VUELA EL COLOR / CORRE LA PLUMA
En el museo del convento de San Marcos, en Florencia, se ve a una niña vestida de blanco, parada de puntitas sobre un rayo de sol.
Estira el cuello y su curiosidad recorre las formas y el espacio que más pueden acercarle al Beato Angélico: son aquellas pequeñas maravillas tal vez llamadas recuadros o paneles en la parte baja de La virgen y el Niño bendiciendo o los que parecen sostener a Marcos el Evangelista o a Pedro el Apóstol.

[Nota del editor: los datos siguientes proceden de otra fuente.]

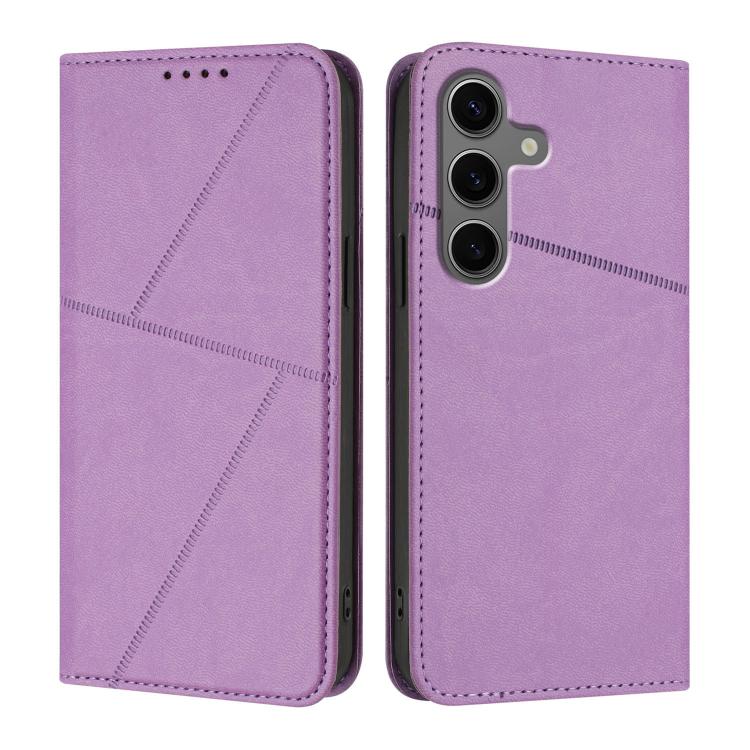 

For Samsung Galaxy S25+ 5G / S24+ 5G Strong Magnetic Frosted Flip Leather Phone Case(Light Purple)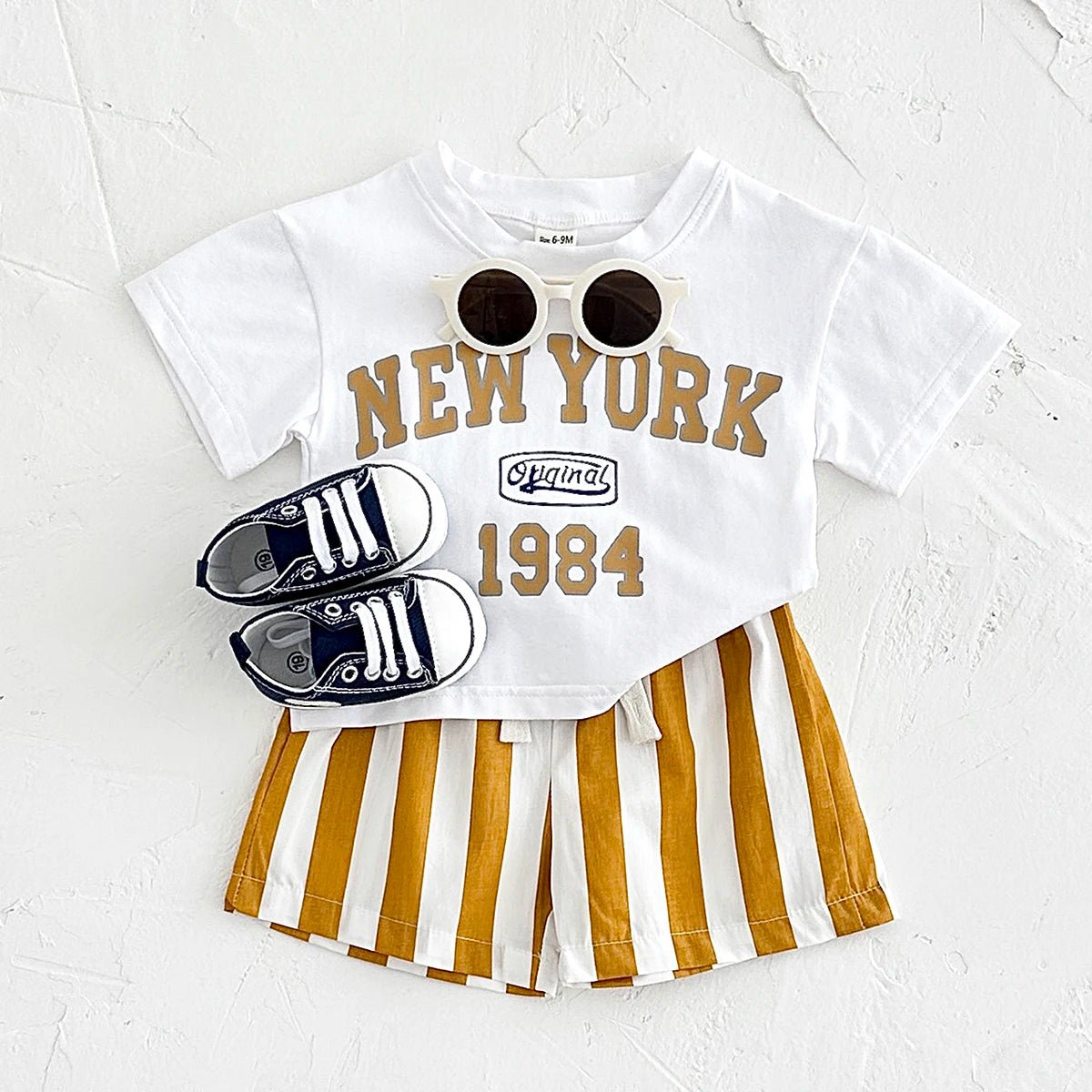 2PCS Infant Outfit Suit 0-3Y Newborn Boys Clothes Sets New Summer T-shirt Baby Clothes Set Letter New York T-shirt Stripe Shorts - Astra Wear astrawear.ca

La niña, recién llegada de la topografía interior de Bengasi, piensa no sólo en las figuras sino también en las claridades del vuelo, en los tonos alados de los ángeles en hs Anunciaciones e imagina las plumas de los pájaros que con el tiempo verá cruzando selvas, montes, cascadas y cielos tan azules como sus ojos.
La niña, llamada Teresa, baja del rayo de sol en donde estaba y pone los pies sobre la tierra, como cuando el color deposita sus principios sobre la superficie.

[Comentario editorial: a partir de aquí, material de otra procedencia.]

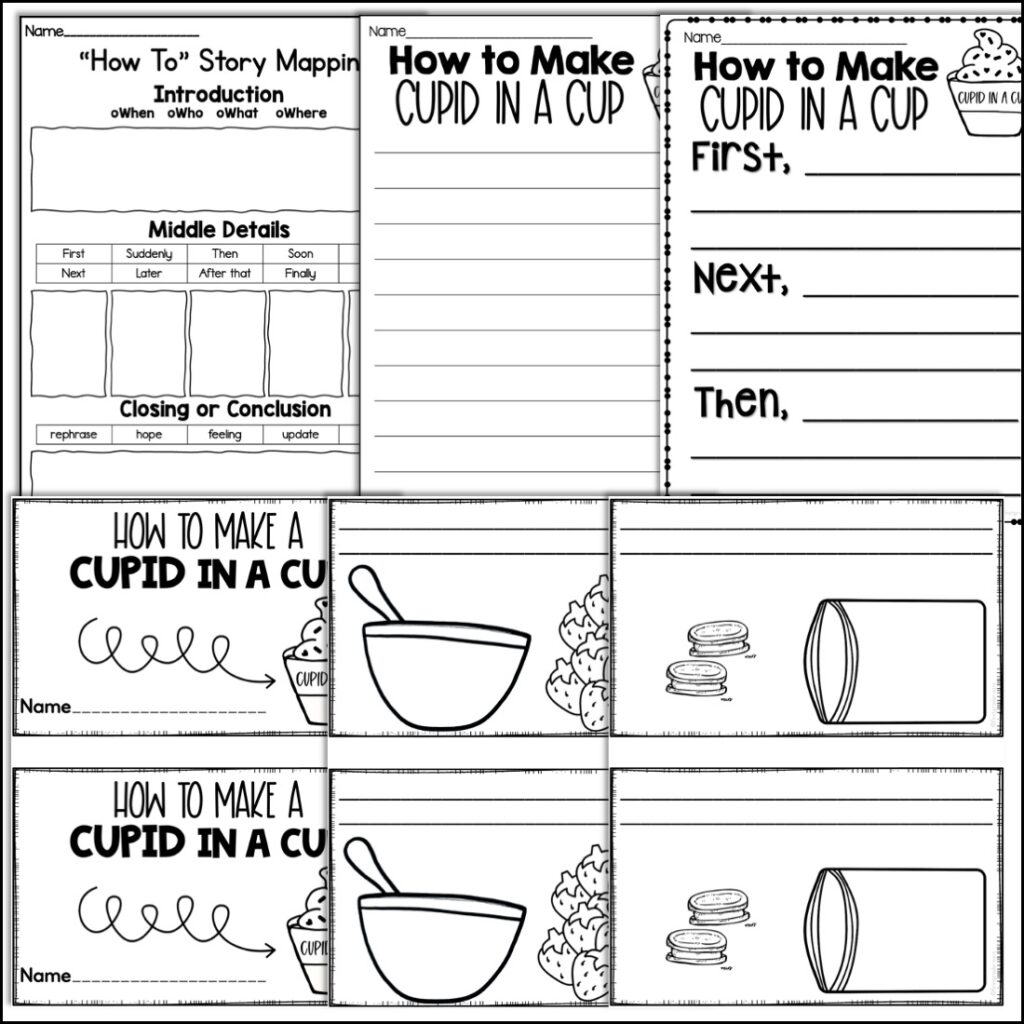Cupid in a Cup valentine's day writing activities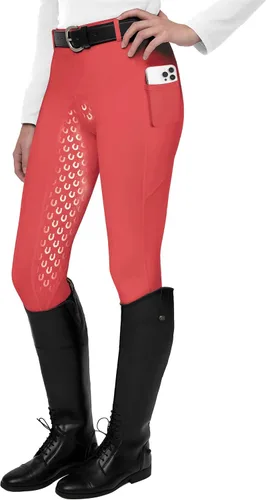 Vista 10 de FitsT4 Sports Mallas de Equitación de Asiento Completo para Mujer con Agarre de Silicona Activa Pantalones Ecuestres Albaricoque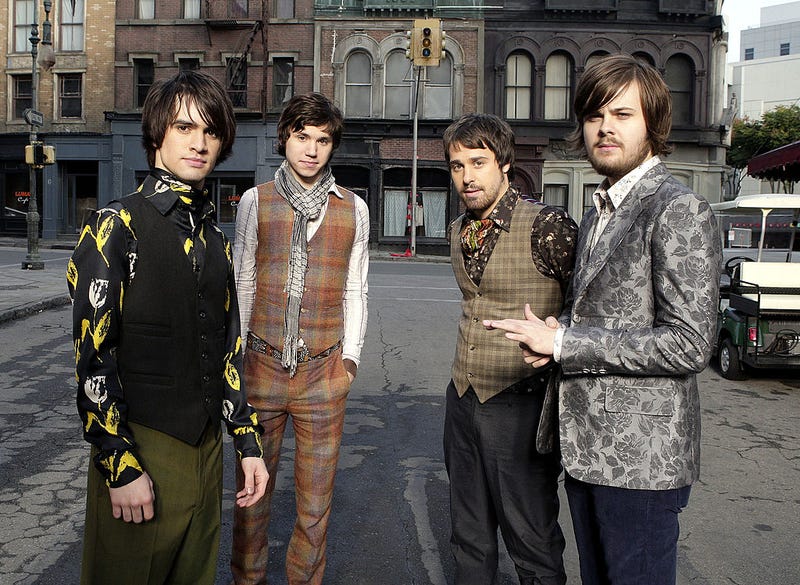 Panic at the Disco, (L to R) Brendon Urie, Ryan Ross, Jon Walker and Spencer Smith, film a music video for their new single "Nine in the Afternoon" on December 20, 2007 in Los Angeles, California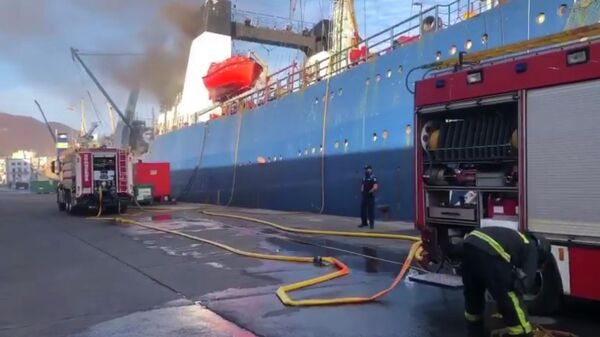 Ликвидация пожара на российском судне Свеаборг (Sveaborg) 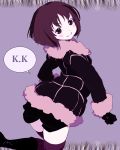  1girl blush_stickers boots brown_hair casual coat gloves kakura_kurumi looking_at_viewer looking_back purple_legwear saki short_hair short_shorts shorts smile solo standing thighhighs violet_eyes winter_clothes yaku_yojino 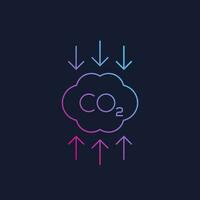 co2, carbón emisiones reducción lineal vector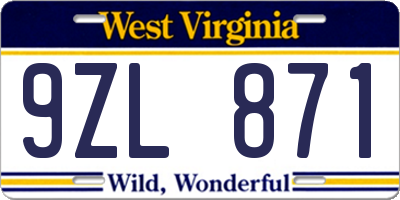 WV license plate 9ZL871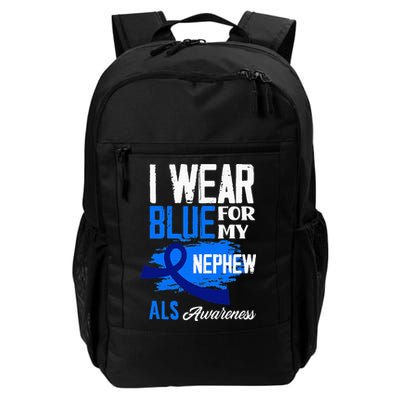 I Wear Blue For My Nephew Support ALS Awareness Backpack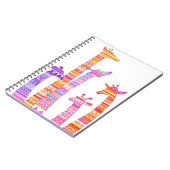 カラフルな種族のプリントのキリンのシルエット ノートブック (左側)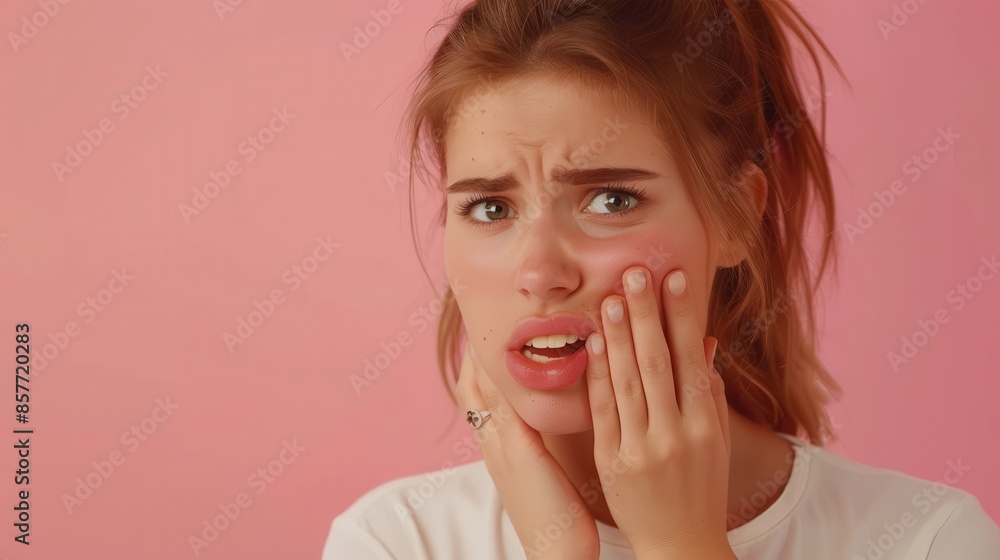 Woman with toothache holds face and looks pained Woman with toothache holds face and looks pained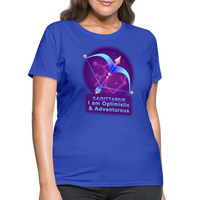 Thumbnail for Women's Neon Sagittarius T-Shirt - royal blue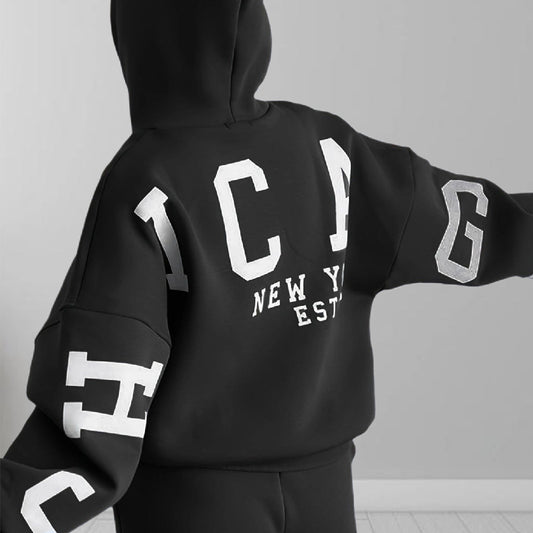 Sweater til kvinder med bogstavtryk og hætte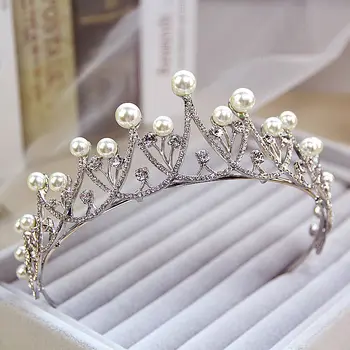 TREAZY Cristal Imita Perla Tiara Coroana Par Mireasa, Accesorii de Mireasa Quinceanera Diademe Și Coroane Miss Tiara cu Diamante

De las sorpresas de la escala cromática, piensa Teresa Cito años más tarde, me quedo con los colores que vuelan. Y no sólo con aquellos que lo hacen en semicírculo, como los del arcoiris, no: porque yo sé que la olla de oro está al final de otras tonalidades, tal vez indescriptibles y que suelen hallarse si bajamos, aunque sea mediante la reflexión, al subsuelo. Allá, en las minas, se ven destellos cruzar de una esmeralda a otra o de la malaquita al feldespato o del azufre a la turmalina, pasando por túneles de granate donde proliferan estatuillas de jade y las inundaciones del mercurio...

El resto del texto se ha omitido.